Les scores DROP ont révélé un casse-tête inattendu sur le Open LLM Leaderboard : la majorité des modèles affichent des performances médiocres avec des f1-scores inférieurs à 10 sur 100. Un chiffre qui interpelle, surtout lorsque ces modèles performent mieux sur d’autres benchmarks.
Les anomalies des scores DROP révélées
DROP, pour Discrete Reasoning Over Paragraphs, met au défi les modèles d’extraire des informations pertinentes avant de procéder à des étapes de raisonnement discret, comme trier ou compter des éléments. Malgré un ajout récent au Leaderboard, les scores observés déçoivent : alors qu’on s’attendait à ce qu’ils se corrèlent avec le score moyen d’autres benchmarks (ARC, HellaSwag, TruthfulQA, MMLU), une majorité des modèles plafonnent à des scores dérisoires. Deux tendances émergent : certains modèles suivent la moyenne attendue, d’autres stagnent autour de 5.
Problèmes de normalisation : l’ennemi invisible
Une analyse de la normalisation révèle un suspect inattendu : des espaces mal interprétés. Un nombre suivi d’une espace inappropriée, comme un retour à la ligne, échappe à une normalisation correcte. Par exemple, si la génération est de 10nnPassage, elle est perçue comme une seule entité, faussant complètement le score. Cette étape négligée empêche le score d’atteindre son potentiel sans être la seule source du problème.
Exploration approfondie avec Zeno
Les experts de Zeno ont élargi l’analyse à cinq modèles représentatifs des anomalies : par exemple, falcon-180B et mistral-7B sous-performent par rapport aux attentes. Plus préoccupant, aucun modèle ne parvient à traiter correctement les réponses en points flottants, et les modèles générant des réponses longues voient leurs scores chuter. Cela découle d’une mauvaise gestion du point ‘.’ comme marque de fin de génération, coupant les réponses prématurées.
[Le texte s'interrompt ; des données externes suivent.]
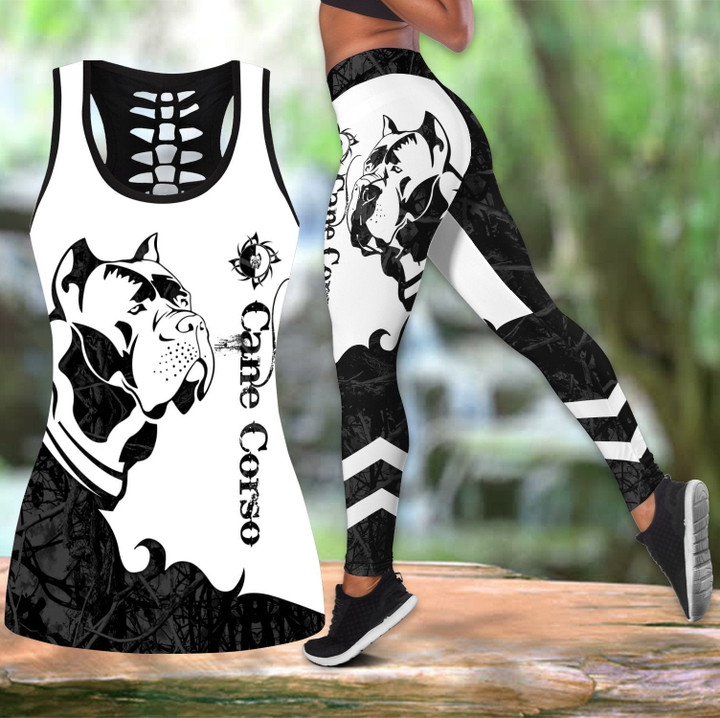 Cane corso black tattoos Combo Hollow Tank Top & Legging Set Printed 3D Sport Yoga Fitness Gym Women DD07292004S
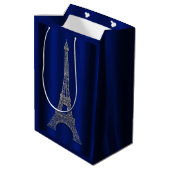 Royal Blue Silver Eiffel Tower Paris Gastgeschenk  Mittlere Geschenktüte (Rückseite Schrägansicht)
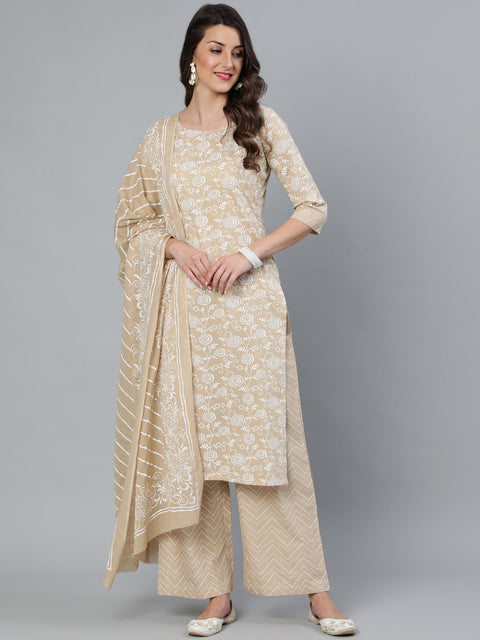 Women Beige Floral Printed Straight Kurta With Plazo & Dupatta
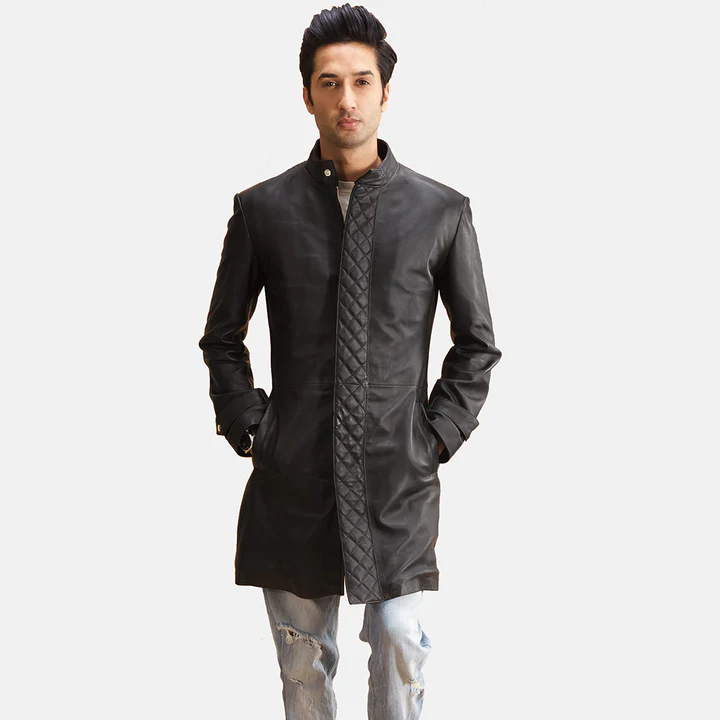UB Fashion Midlander Quilted Black Leather Coat
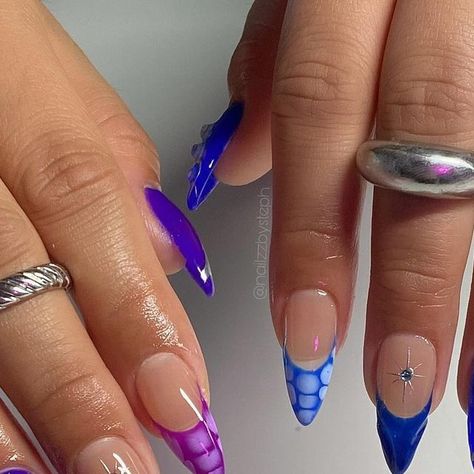 @nailzzbysteph on Instagram: "purple + blue mix-match set ‎‧₊˚✩ ⛓️✩˚₊‧" Royal Blue And Purple Nails, Purple And Blue Nails Designs, Almond Purple Nails, Blue And Purple Nails, Purple And Blue Nails, Year Nails, Summer Acrylic, Blue Nail Designs, Summer Acrylic Nails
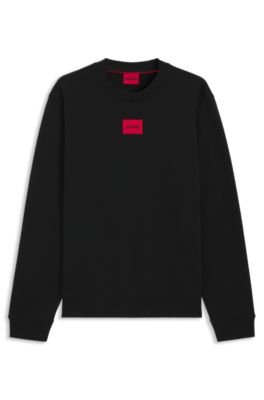 Logo-label sweatshirt in cotton terry, Black
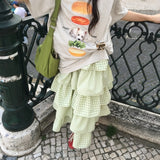 Bebe Waist-Banded Frill Check Tiered Long Skirt (4 Colors)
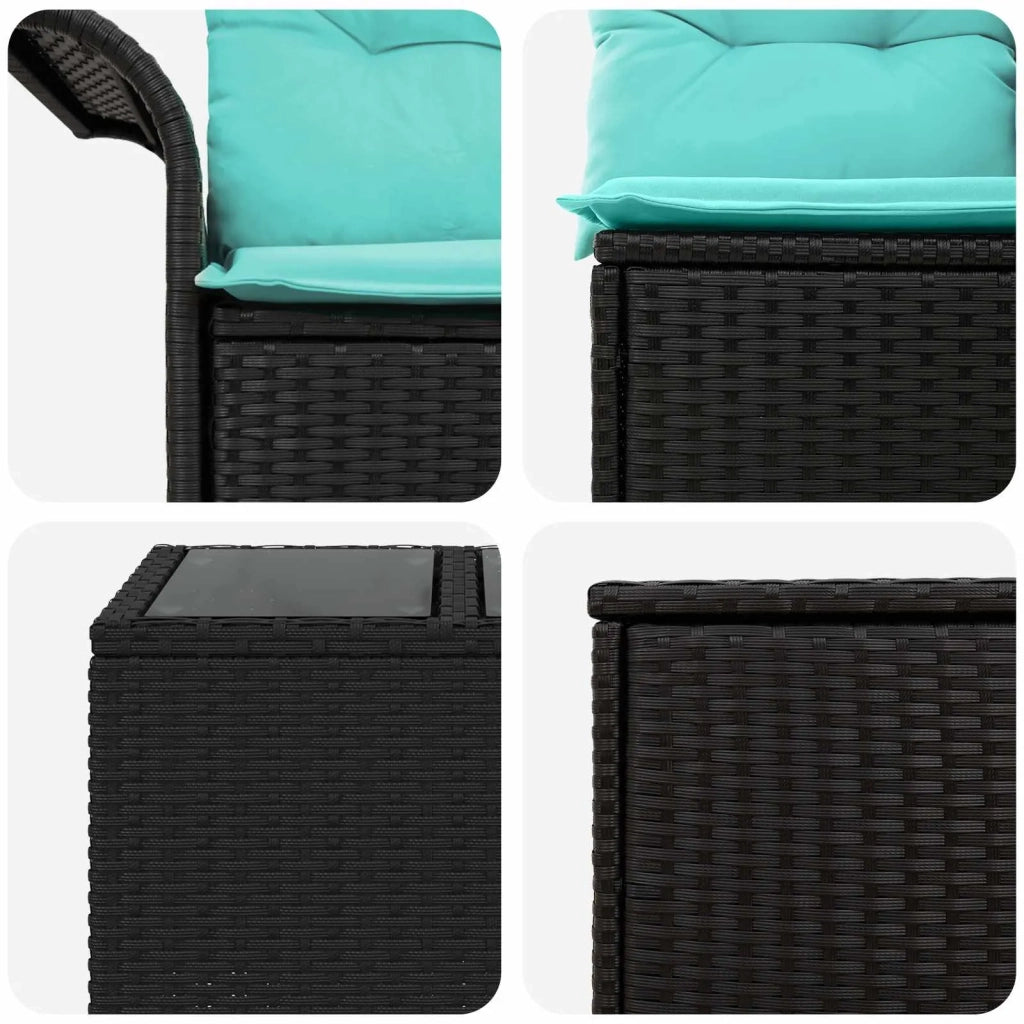 Set di divani 6 pcs 4-Numero di posti Nero e Blu 3447066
Des scores DROP surprenants soulèvent des questions cruciales de normalisation. Une gestion inadéquate des caractères spéciaux et des fins de génération fausse les performances de modèles prometteurs.
Vers une solution : changer le token de fin
Modifier le token de fin de ‘.’ à ‘n’ semble améliorer significativement les scores en ré-alignant les performances DROP avec d’autres benchmarks. Bien que la solution soit imparfaite, elle offre un aperçu plus juste des capacités des modèles sans les ré-exécuter, un processus coûteux en temps GPU. Ces ajustements montrent une nette corrélation entre les nouveaux scores et la performance moyenne, soulignant la pertinence de l’approche.
L’analyse des scores DROP met en lumière la complexité des benchmarks IA et la nécessité d’une approche méthodique pour éviter les biais techniques. Une remise en question continue est essentielle pour affiner l’évaluation des modèles IA, et garantir une interprétation correcte de leurs performances.